What you are asked to do:
For the entries that follow, retype exactly the lines from the one containing "تابلو دکوراتیو پوستر" to the one containing "Philadelphia Skyline With", inclusive, and only those. Images stay out of the copy.

Records shown:
=== Begin Enclosure ===
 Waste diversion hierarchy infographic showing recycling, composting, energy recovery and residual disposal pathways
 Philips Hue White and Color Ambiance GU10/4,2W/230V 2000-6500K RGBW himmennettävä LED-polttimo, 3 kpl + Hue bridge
=== End Enclosure ===
=== Begin Enclosure ===
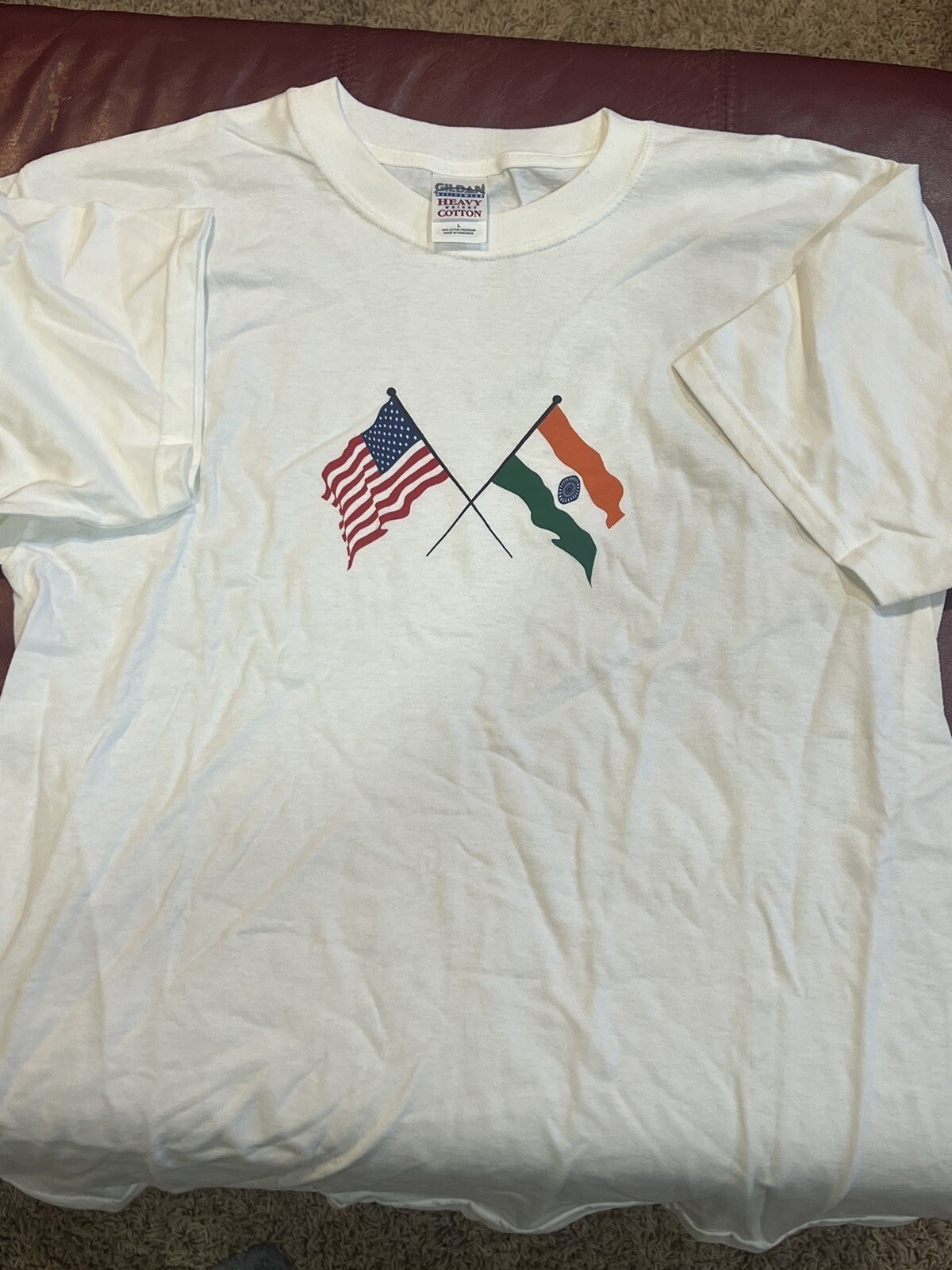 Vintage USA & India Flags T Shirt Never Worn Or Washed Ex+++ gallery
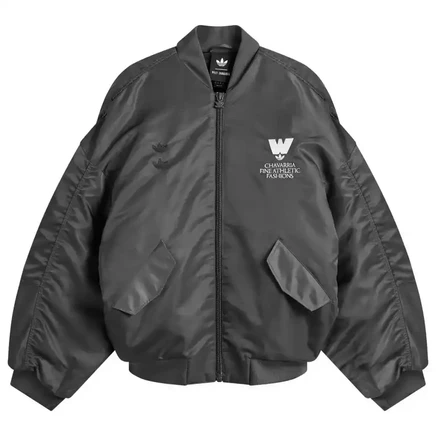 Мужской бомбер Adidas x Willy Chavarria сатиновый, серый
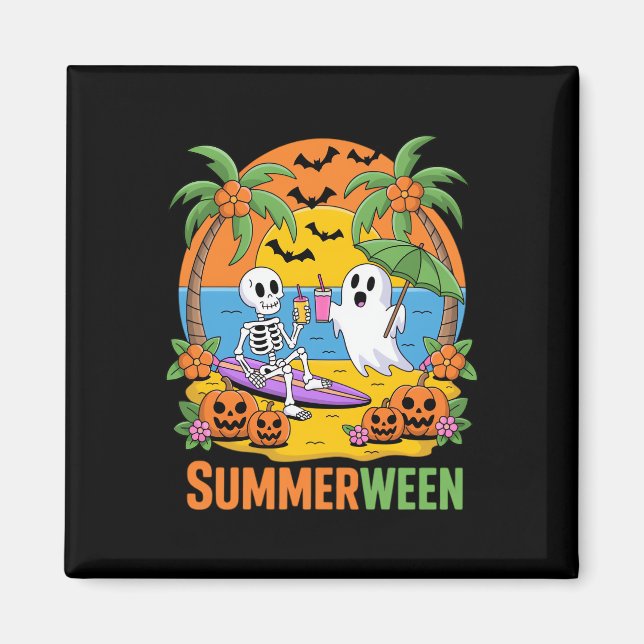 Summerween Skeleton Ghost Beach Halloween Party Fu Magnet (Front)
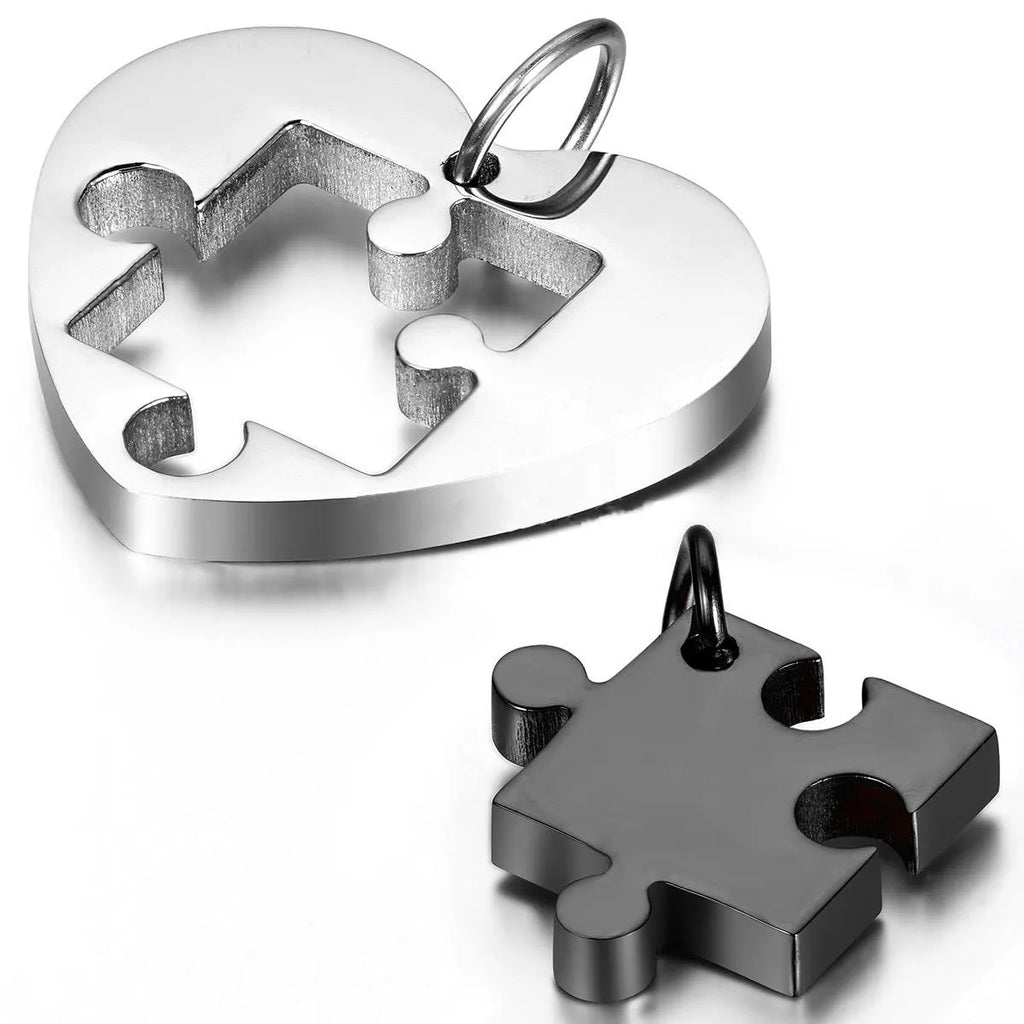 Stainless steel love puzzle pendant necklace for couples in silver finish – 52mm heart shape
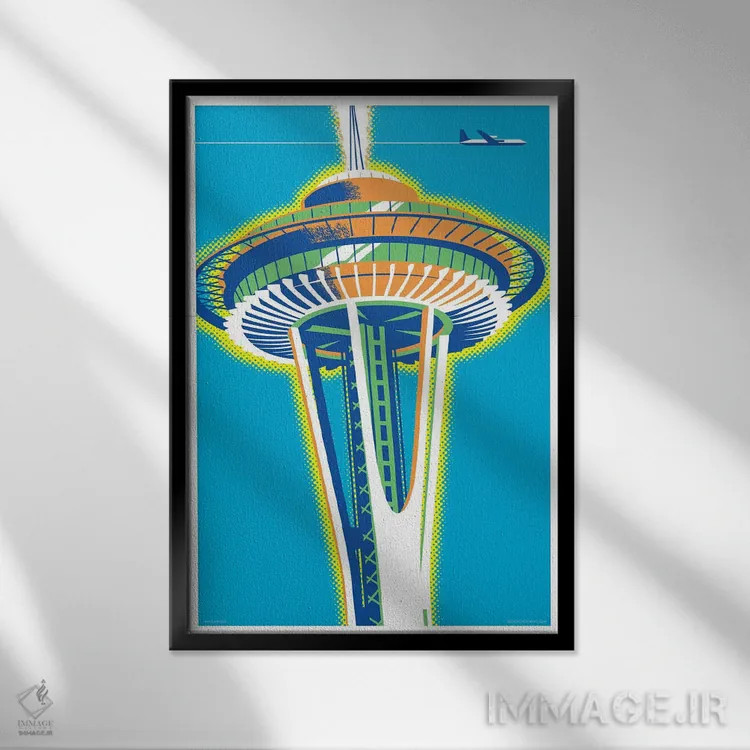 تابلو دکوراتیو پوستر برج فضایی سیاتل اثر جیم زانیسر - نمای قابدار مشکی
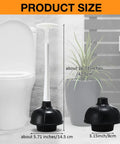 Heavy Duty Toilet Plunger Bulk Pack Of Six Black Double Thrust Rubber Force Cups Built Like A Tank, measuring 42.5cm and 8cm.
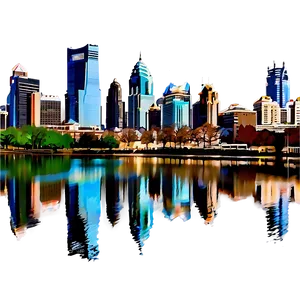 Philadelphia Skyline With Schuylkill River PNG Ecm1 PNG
=== End Enclosure ===
Final answer:
 تابلو دکوراتیو پوستر برج فضایی سیاتل اثر جیم زانیسر - نمای قابدار مشکی
 Heavy Duty Toilet Plunger Bulk Pack Of Six Black Double Thrust Rubber Force Cups Built Like A Tank, measuring 42.5cm and 8cm.
 Philadelphia Skyline With Schuylkill River PNG Ecm1 PNG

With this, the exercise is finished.